Black and White



"If your eye is generous, your whole being is full of light!" Jesus

I don't do a lot of black and white photography. I prefer the world as God made it...full of rich color and tone. Once in a while however, now that it is easy to produce high quality B&W conversions in software, after the fact so to speak, I am inspired to try a black and white rendition of one of my shots. I have taken this little exposed section of birch root many times, in many seasons, and I was tempted to try again yesterday. In color it is one of my better attempts, and I had to wonder what it would be like in B&W. Polarr has a whole set of B&W conversion filters, based on the performance of 1930's, large format, black and white film. I ran through them, testing the effects, and really liked this one.

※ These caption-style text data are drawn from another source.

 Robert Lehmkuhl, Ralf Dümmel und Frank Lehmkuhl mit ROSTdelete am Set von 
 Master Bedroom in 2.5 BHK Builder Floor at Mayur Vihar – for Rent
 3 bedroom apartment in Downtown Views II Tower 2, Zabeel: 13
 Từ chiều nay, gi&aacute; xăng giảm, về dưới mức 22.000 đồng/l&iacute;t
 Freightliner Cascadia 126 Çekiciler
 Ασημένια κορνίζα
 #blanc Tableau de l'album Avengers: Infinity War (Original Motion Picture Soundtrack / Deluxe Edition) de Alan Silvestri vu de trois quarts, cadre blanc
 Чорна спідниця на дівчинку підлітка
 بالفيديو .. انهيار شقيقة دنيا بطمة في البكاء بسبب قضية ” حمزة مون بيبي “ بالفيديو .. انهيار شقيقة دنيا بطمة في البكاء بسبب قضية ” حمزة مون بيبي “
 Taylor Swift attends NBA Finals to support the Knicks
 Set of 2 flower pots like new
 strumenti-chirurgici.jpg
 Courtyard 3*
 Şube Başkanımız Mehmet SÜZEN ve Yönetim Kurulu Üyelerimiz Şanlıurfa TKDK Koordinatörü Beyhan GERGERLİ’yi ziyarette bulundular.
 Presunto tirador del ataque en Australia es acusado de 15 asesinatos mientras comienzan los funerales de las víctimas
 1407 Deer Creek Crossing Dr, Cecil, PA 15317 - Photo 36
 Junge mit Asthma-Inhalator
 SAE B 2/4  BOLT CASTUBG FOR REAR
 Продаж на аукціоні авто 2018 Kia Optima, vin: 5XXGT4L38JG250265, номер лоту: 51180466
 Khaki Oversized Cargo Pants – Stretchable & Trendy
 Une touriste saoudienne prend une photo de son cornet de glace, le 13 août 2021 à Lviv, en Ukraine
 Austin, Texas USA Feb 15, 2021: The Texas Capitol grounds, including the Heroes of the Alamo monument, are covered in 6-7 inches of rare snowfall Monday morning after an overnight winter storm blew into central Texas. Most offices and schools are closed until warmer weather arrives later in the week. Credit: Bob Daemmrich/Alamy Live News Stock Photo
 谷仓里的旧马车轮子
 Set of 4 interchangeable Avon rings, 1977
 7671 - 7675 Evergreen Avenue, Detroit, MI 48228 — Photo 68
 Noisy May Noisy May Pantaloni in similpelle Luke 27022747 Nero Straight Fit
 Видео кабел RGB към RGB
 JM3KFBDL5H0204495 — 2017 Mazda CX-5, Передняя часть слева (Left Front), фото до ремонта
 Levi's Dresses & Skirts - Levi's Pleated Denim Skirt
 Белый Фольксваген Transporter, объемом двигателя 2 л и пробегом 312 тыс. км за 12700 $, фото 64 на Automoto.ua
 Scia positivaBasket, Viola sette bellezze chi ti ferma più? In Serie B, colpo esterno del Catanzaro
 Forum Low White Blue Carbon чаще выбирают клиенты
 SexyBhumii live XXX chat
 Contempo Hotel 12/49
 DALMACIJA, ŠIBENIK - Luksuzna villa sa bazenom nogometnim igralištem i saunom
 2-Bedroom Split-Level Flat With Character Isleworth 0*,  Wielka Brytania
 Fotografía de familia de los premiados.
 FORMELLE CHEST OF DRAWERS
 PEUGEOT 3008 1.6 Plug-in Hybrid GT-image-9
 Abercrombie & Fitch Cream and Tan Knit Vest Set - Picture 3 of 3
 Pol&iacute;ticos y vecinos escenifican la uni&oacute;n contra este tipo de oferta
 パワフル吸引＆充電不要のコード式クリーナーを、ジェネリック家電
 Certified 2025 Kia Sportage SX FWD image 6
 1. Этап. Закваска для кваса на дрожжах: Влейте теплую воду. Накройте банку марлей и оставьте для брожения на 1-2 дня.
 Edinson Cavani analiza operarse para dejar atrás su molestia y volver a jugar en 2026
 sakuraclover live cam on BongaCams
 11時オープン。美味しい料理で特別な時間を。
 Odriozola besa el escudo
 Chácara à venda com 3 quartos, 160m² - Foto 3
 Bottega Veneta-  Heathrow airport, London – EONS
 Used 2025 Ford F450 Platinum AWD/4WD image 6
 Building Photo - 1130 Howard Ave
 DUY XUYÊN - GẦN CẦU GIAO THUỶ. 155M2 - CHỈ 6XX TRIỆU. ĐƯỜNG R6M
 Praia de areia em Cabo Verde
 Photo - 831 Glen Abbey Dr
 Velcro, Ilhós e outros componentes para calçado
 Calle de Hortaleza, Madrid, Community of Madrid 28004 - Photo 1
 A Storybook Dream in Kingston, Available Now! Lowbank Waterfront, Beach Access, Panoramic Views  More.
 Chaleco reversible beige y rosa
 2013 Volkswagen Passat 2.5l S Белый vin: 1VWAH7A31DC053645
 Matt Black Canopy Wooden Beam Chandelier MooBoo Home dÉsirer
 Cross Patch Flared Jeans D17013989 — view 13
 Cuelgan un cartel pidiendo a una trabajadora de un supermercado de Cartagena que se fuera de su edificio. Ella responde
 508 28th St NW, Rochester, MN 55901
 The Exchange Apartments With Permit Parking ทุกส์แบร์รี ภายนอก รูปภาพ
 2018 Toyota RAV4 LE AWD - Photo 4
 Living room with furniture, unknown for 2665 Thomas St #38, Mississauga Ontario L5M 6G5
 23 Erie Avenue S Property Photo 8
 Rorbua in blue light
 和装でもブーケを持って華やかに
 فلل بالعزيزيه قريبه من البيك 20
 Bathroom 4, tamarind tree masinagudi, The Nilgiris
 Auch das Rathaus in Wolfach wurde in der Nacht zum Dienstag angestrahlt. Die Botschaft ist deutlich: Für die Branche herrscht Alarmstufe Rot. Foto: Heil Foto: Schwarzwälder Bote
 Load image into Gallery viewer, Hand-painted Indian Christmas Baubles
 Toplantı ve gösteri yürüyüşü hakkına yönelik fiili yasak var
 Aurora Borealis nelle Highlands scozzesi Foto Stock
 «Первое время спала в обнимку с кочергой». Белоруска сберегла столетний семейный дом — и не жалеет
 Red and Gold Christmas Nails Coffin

Photographers (and just regular folk, I guess) who like b&w say that it strips the world down to its basic, underlying structure, and reveals shape and form and texture that we miss in the riot of color. I think they might feel that b&w is somehow more artistic than a color rendition of the same scene...not just reproducing the world around us, but offering a definite interpretation...showing more than the average eye sees.

This collection is all about the generous eye...the one that sees God in everything...that sees form and structure and texture in the light of Holy Spirit, the spirit of creation. In a way what the generous eye sees is as different from commonly excepted reality...from what we expect to see of the world...as a black and white image is from color. And like the most generous interpretation of a black and white image, the generous eye always sees through to the underlying reality that is all spirit...the living substance, the loving life, that forms the core of common experience...the light within like the glow within a burning coal. 

May your eye be generous this and every day. Happy Sunday!